American Parks Lottery
In order to keep certain parts of America’s park system from getting overrun with visitors, some parks have instituted a lottery system for entrance. Here are some of the best worth trying your luck at.
Coyote Buttes North Lottery
The Wave is a surreal-looking natural sandstone rock formation that undulates across the desert landscape of Coyote Buttes. In order to protect this fragile formation, only 20 people are allowed to visit it each day, with 10 permits being given away in advance in an online lottery and the remaining 10 spots drawn during a same-day walk-in lottery. Applicants must pay $5 each time they apply, and they can only apply for up to three potential dates per month. If you win, the permit cost is $7 per person, and you’ll receive a map with photographic landmarks showing the way to the Wave, which can be hard to find as there are no marked trails.
Fun fact: The Wave’s popularity is in part due to its feature as desktop wallpaper on Windows 7, which gave cubicle-dwellers everywhere something to dream about while trapped at their desks.
Denali Road Lottery
The 92-mile long Denali Park Road runs parallel to the breathtaking Alaska range, and is the only road in the Denali. This scenic path is popular for its mountain and valley views and wildlife sightings, but you can’t just take an impromptu road trip here.

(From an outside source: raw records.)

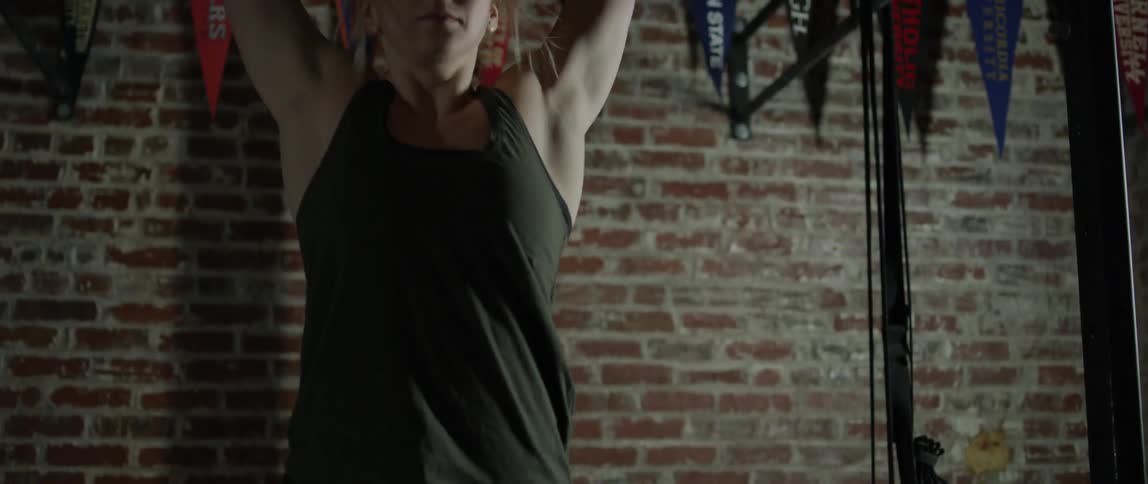 Woman does chin ups on a bar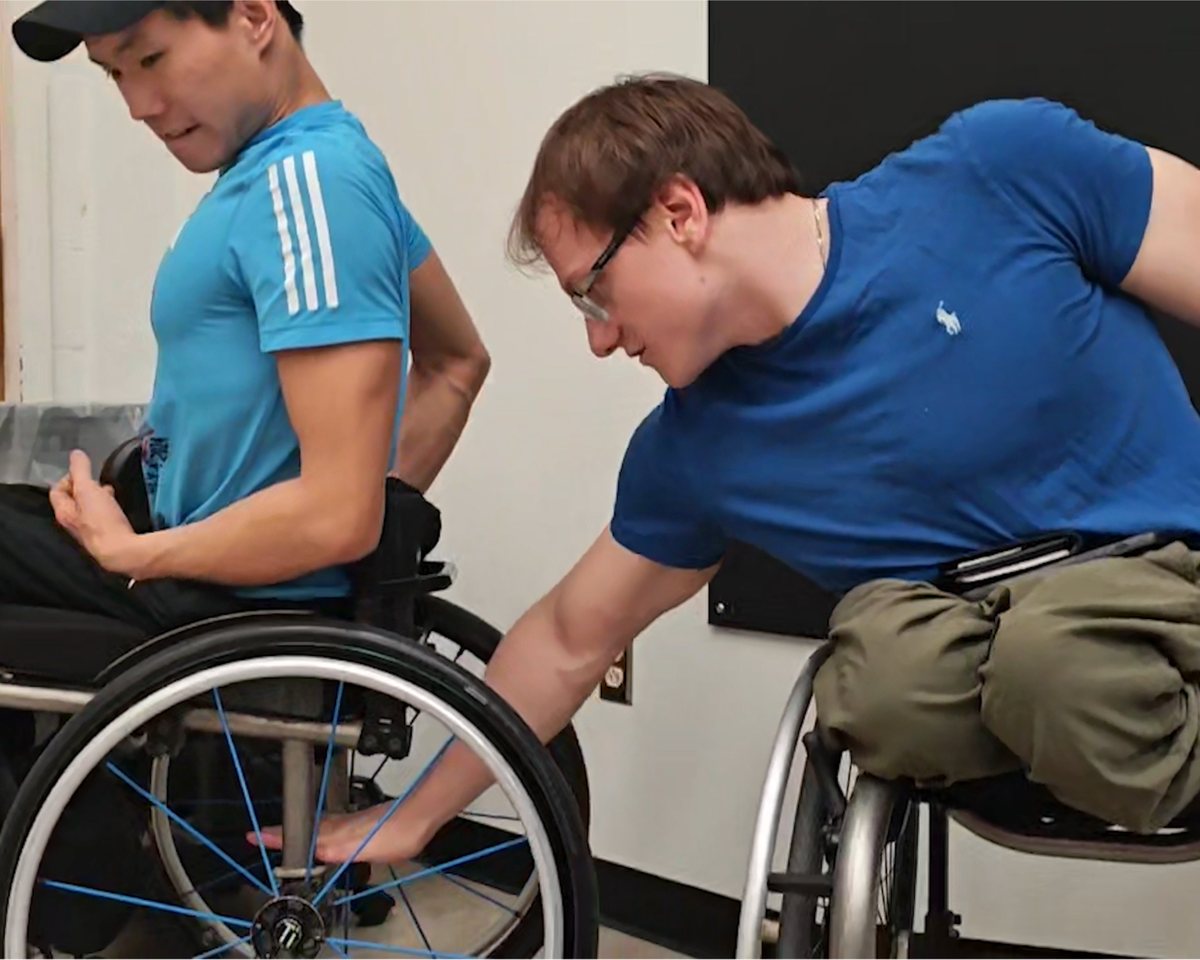 Phillip Croft reaching for the wheel of Leo’s chair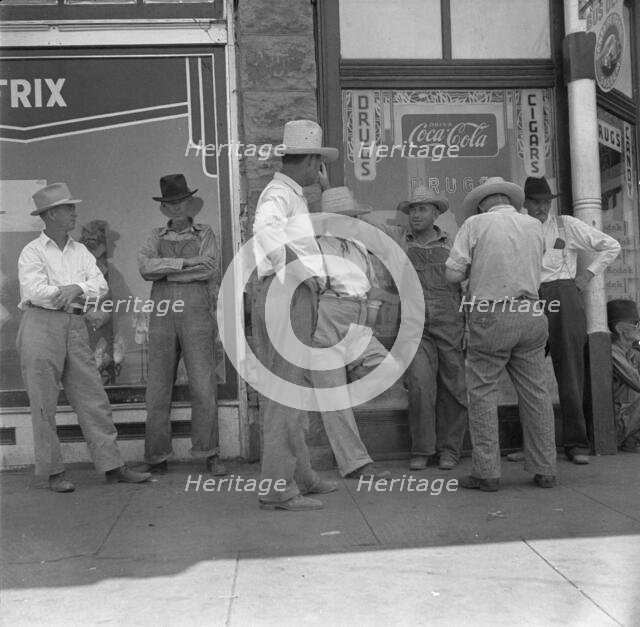 Drought farmers line the shady side of the main street of the town, Sallisaw, Oklahoma, 1936. Creator: Dorothea Lange.
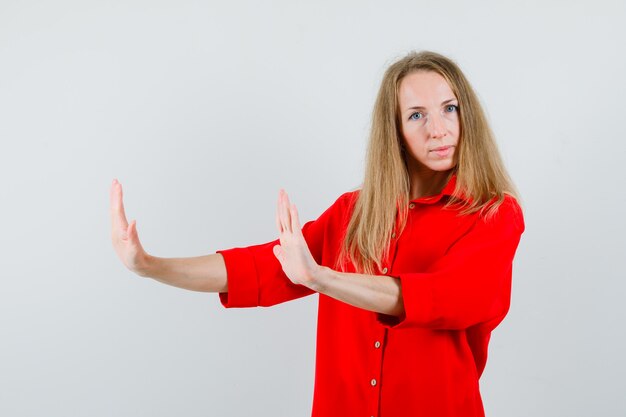 Mujer rubia manteniendo las manos de manera preventiva en camisa roja y mirando con cuidado,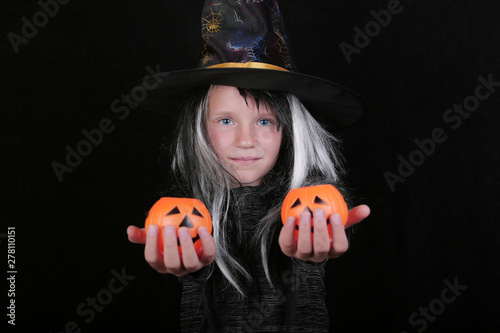 happy laughing child girl in witch costume with Halloween pumpkin candy jar on black background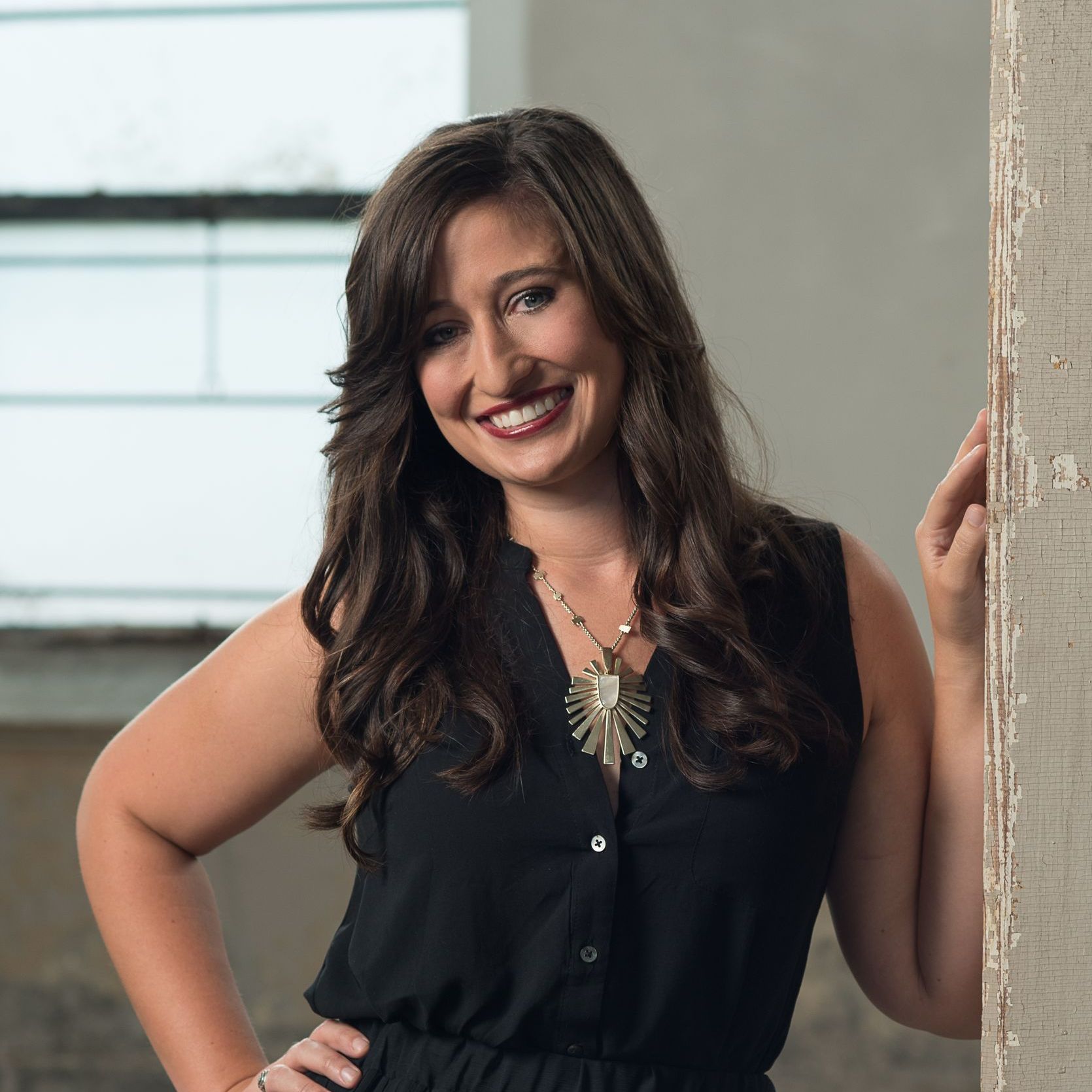A woman in a black dress is smiling and leaning against a wall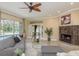 Bright living room with fireplace and access to pool at 3337 Crescent Oaks Blvd, Tarpon Springs, FL 34688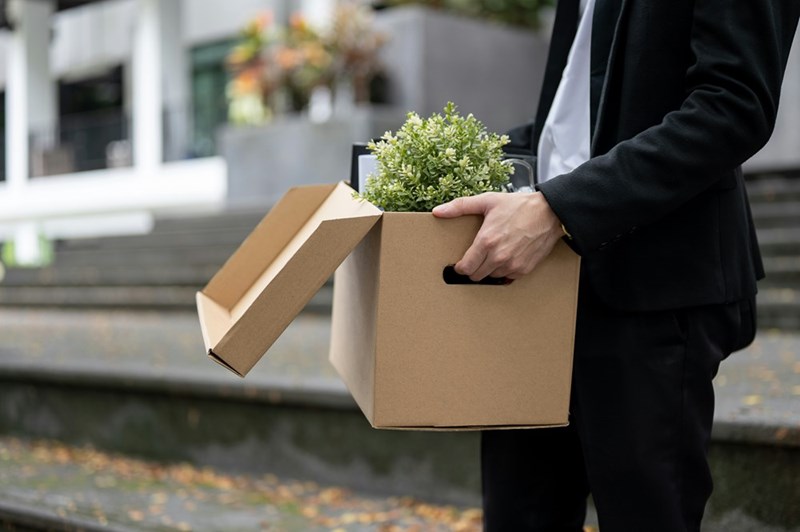 A close-up of a cardboard box of personal items carried by a man in a suit.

After the road became too crowded, attracting nearly 2,000 vehicles per day, the NPS decided to limit the drive to 400 permit holders daily.
An average of 10,000 people with Denali road trip dreams apply every year for the 1,600 available permits. Bus trips are available to tourists in the summer, and no lottery is required for those. Private vehicles are only allowed to drive the first 15 miles of the road without a permit.
Private Grand Canyon Rafting Trip Lottery
Want to raft down the Grand Canyon, but don’t want your experience ruined by a terrible guide or annoying tour groups? Apparently a lot of people feel the same way, as permits for 12- to 25-day self-guided raft trips from Lees Ferry to Diamond Creek formerly had a 27-year waitlist. In 2012, the NPS decided that the insanely long waiting list would be replaced by a lottery.
This weighted lottery gives those who have entered in previous years a better chance at winning than first-timers, so don’t give up if you don’t snag one of the 460 permits on your first try.
Guided Bear Viewing at McNeil River State Game Sanctuary and Refuge
In the summer, up to 144 wild brown bears a day descend on McNeil River State Game Sanctuary and Refuge to fish for the thousands of salmon that swimg past during their upstream migration. Can’t bear to miss that? Enter the lottery and you might be one of the lucky 10 people allowed to view the spectacle each day between June 7 and August 25.
The program limits the number of people who may be present at McNeil River Falls (or the other viewing locations) to no more than 10 individuals, so as not to disturb the bears. If you win, you’ll be allowed to camp at the campground, visit the sanctuary, and attend guided bear viewing sessions.
Half Dome Cables Lottery
A 17-mile hike seems tough enough to weed out most people, but not at Yosemite’s most famous attraction, Half Dome. Despite the fact that this incredibly hard hike involves scrambling up steep granite domes using steel cables and wooden planks as makeshift stairs to reach the summit, the hike attracts hundreds of would-be hikers.
The steel cables are only up from late May to October, and during this time only 300 permits are issued per day for the top of Half Dome. The NPS put together some helpful charts here showing you when you’ll have the best chance of scoring a permit (Weekdays have a 7 percent chance of success for the preseason lottery, versus 2 percent on weekends).
Phantom Ranch Lottery
Phantom Ranch is one of the most exclusive accommodations in the world, and it’s not because of the cost (which starts at a very reasonable $51 per person for a dorm room). Located in the bottom of the Grand Canyon, Phantom Ranch is only accessible by hiking or riding a mule the approximately 7.5 miles down, or by rafting in via the Colorado River.